◆ AIM OF THE EXERCISE: Reproduce only this stretch of the listing below: from the line with "Cataracta: cauze de" through the line with "Cách dùng retinol", exactly as written, with pictures excluded.

◆ INPUT DATA:
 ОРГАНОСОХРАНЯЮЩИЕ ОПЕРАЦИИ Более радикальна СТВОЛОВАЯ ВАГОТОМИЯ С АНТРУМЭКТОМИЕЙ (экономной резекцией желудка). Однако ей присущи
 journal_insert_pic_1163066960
* * *
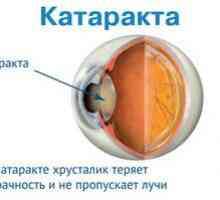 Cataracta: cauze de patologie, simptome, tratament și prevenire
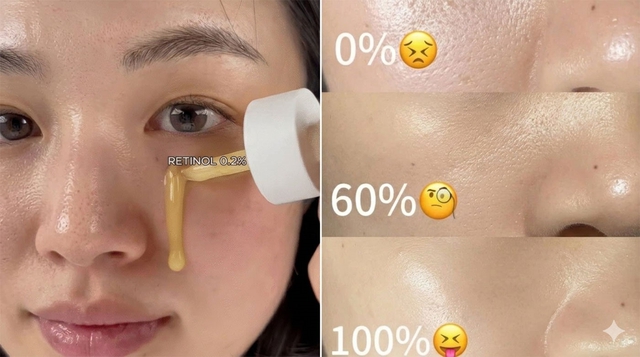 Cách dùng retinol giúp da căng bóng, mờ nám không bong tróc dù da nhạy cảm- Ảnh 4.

◆ REPLY TO THE TASK:
 Cataracta: cauze de patologie, simptome, tratament și prevenire
 Cách dùng retinol giúp da căng bóng, mờ nám không bong tróc dù da nhạy cảm- Ảnh 4.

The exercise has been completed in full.